*** Opening of DATASET EXCERPT ***
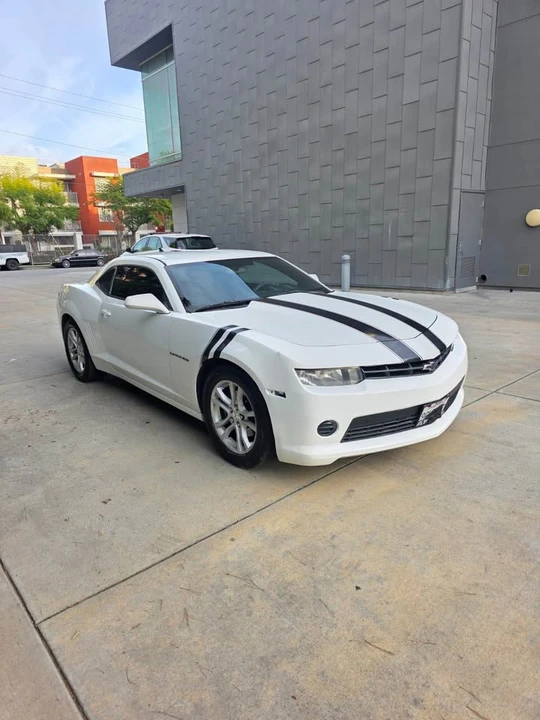 2016 Chevrolet Camaro 6th Gen - Image 2 of 13
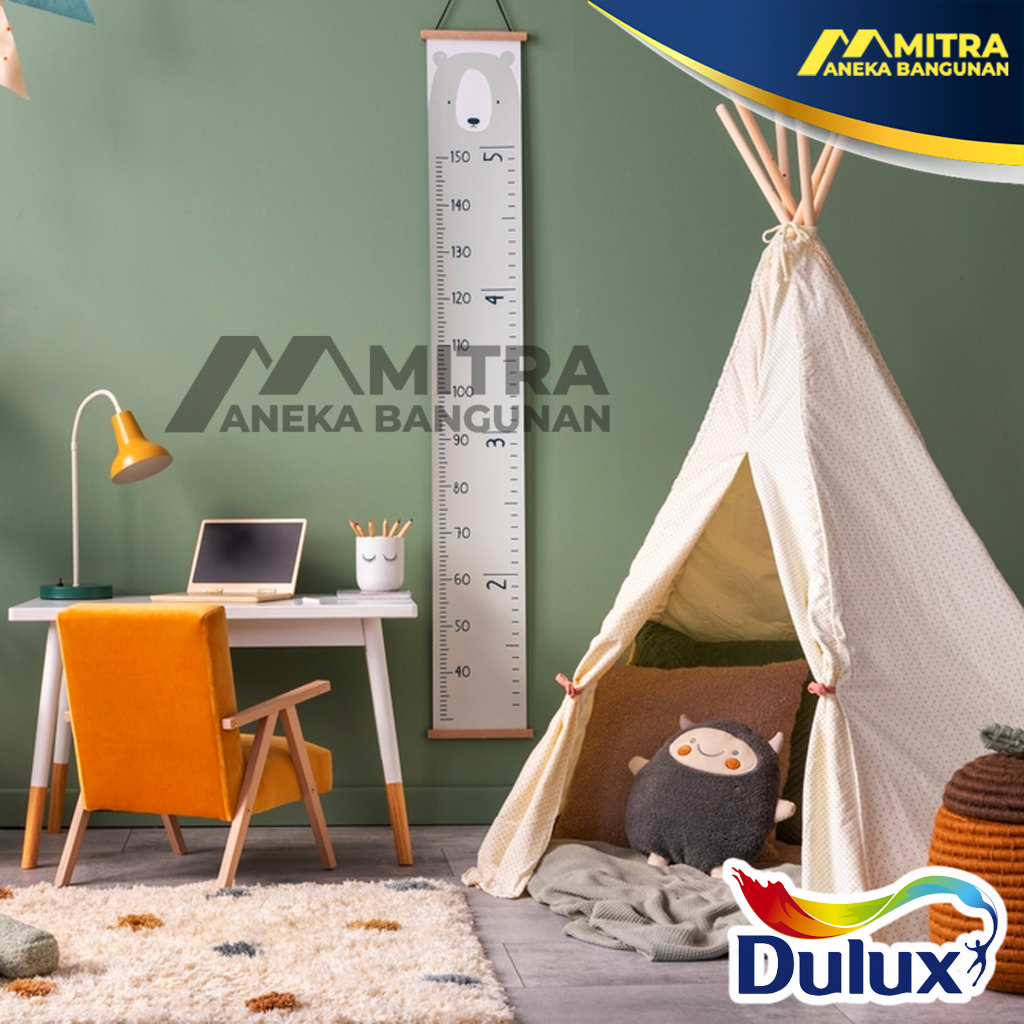 Jual CAT TEMBOK DULUX SUMMER SAGE 50GY 26/155 / DULUX INTERIOR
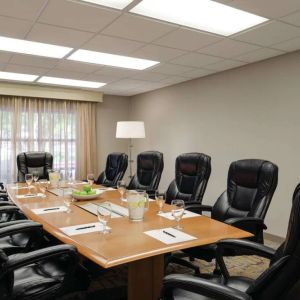 Professional meeting room at Hilton Scottsdale Resort & Villas.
*** Close of DATASET EXCERPT ***
Write the listing above out again exactly, but not the images it holds.

**FINISHED TASK:**
 2016 Chevrolet Camaro 6th Gen - Image 2 of 13
 Jual CAT TEMBOK DULUX SUMMER SAGE 50GY 26/155 / DULUX INTERIOR
 Professional meeting room at Hilton Scottsdale Resort & Villas.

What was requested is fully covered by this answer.